The cryptocurrency space has undergone significant growth in recent years, with digital currencies pushing their way into mainstream use. This has led to more and more people learning to use and invest in cryptos.
If you are a crypto adopter or potential user seeking to build passive income while you sleep, one of the best ways you can achieve that is to host a masternode. Masternodes are an attractive alternative to just holding your coins, as they require minimal to no effort on your part to maintain once they have been set up.
If you are not entirely familiar with what a masternode is, this piece will provide you with all the information you need so that you can use masternodes to build wealth.
What Are Masternodes?
Masternodes (MN) are computers that perform specialized functions on a blockchain such as storing the full copy of the blockchain in real time. These nodes also enable services such as budgeting and treasury system in digital currencies, performing instant transactions, strengthening the privacy of transactions, as well as taking part in governance.
Note, however, that the functions performed by a masternode may vary depending on the cryptocurrency it is facilitating. Masternodes receive coins as a reward for completing these tasks. A randomly selected masternode gets a reward for confirming transactions each time a block is mined.
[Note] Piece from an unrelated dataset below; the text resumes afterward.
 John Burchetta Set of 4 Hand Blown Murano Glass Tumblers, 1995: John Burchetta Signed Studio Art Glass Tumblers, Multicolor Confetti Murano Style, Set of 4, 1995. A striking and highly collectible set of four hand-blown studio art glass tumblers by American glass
The system is designed such that the algorithm selecting the masternode ensures rewards are distributed in a round-robin style. Running a masternode is fundamentally an alternative to mining. Masternodes support Proof of Stake (POS) blockchains in the same way that miners underpin Proof of Work (POW) blockchains.
These nodes first came into existence through DASH (then Darkcoin), which utilizes the system as part of its blockchain consensus mechanism. Outside of the fact that they execute far more critical functions, masternodes are seen as a better alternative to POW systems because they are more energy efficient.
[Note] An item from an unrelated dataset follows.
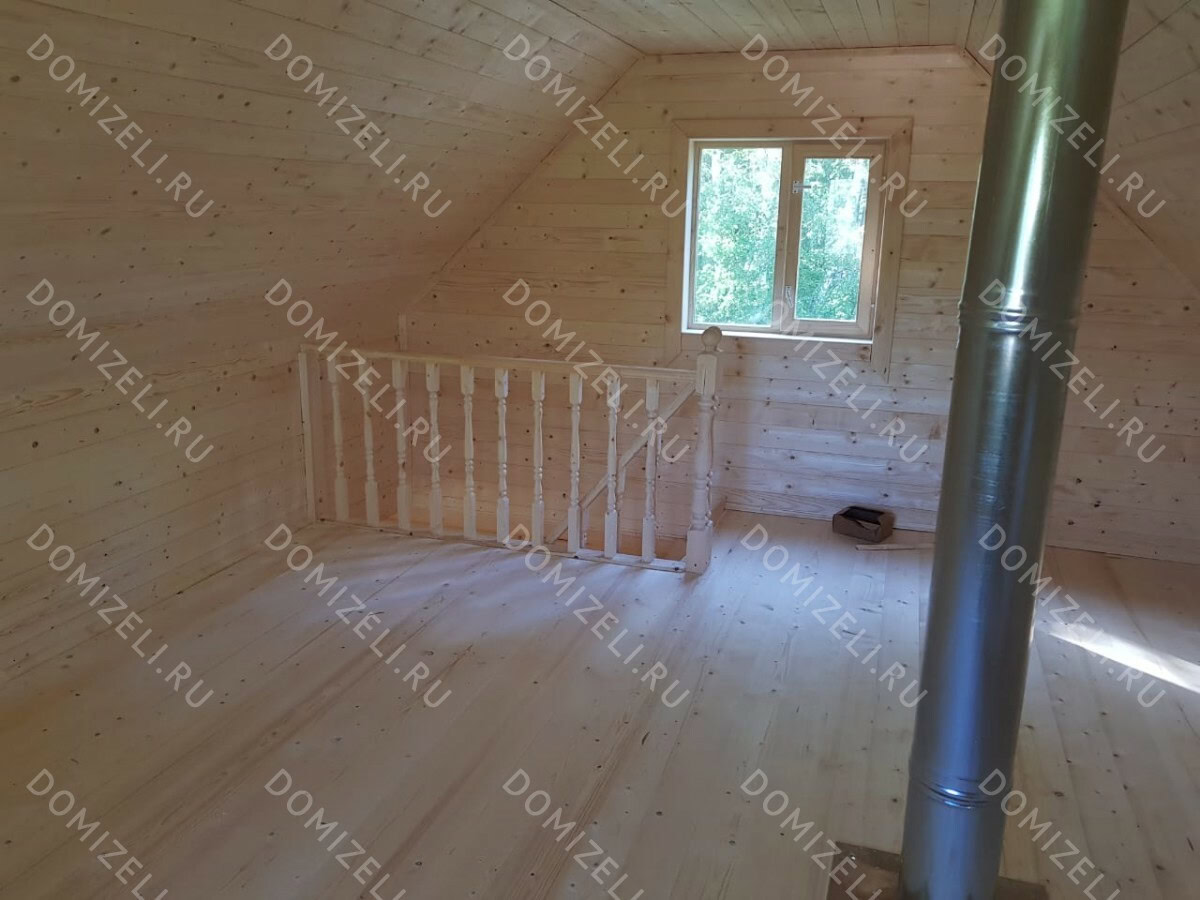 БАНЯ ИЗ БРУСА 6×6 «Б3» (60 кв.м., 2 этажа, 6 на 6, с мансардой, террасой и комнатой отдыха) — фото 10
More so, they guarantee the anonymity of transfers by ‘staking’ or locking away a certain crypto amount within the currency’s network. This ensures faster confirmation times for digital currencies underpinned by masternodes when compared to those that rely on miners.
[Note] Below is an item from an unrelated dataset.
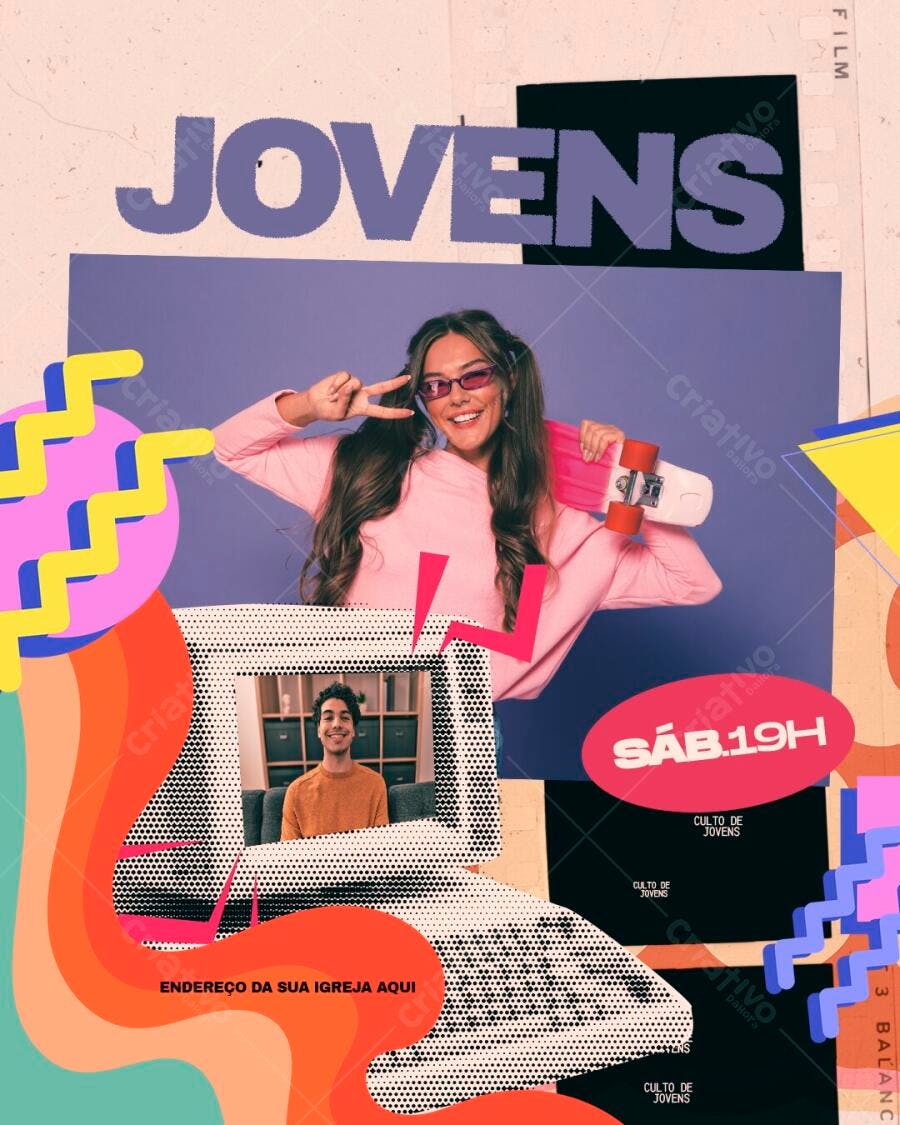 Flyer Culto de Jovens Igreja Cristã PSD Editável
What Tools Do I Need to Run a Masternode?
Setting up masternodes requires technical knowledge and the ability to follow the directions on a coin’s website. To run a masternode, you need a virtual private server such as that from DigitalOcean or Vultr. You will also require a dedicated IP address as well as some storage space to save the blockchain.
In addition, you need a certain amount of coins to put up as collateral. For instance, a DASH masternode requires you to deposit up to 1,000 DASH. Once you have staked the required amount, you can earn rewards in the form of additional cryptos.
How to Run a Masternode
The guideline for setting up a node may vary depending on the specific coin you are noding. However, the basic steps involve:
- Buy coins on the exchange
- Install the desktop wallet on your computer and sync to the blockchain
- Transfer coins to your wallet
- Create a node address in your wallet, then send cryptocurrency to the newly created address to collect private key and transaction details
- Next, build your server with a provider like Digital Ocean or Vultr
- After configuring the nodes wallet, you will need to start the server by selecting the node daemon. Doing this will sync the server with the blockchain.
- In your desktop wallet, configure the masternode and run it. This will get the node running and generating rewards.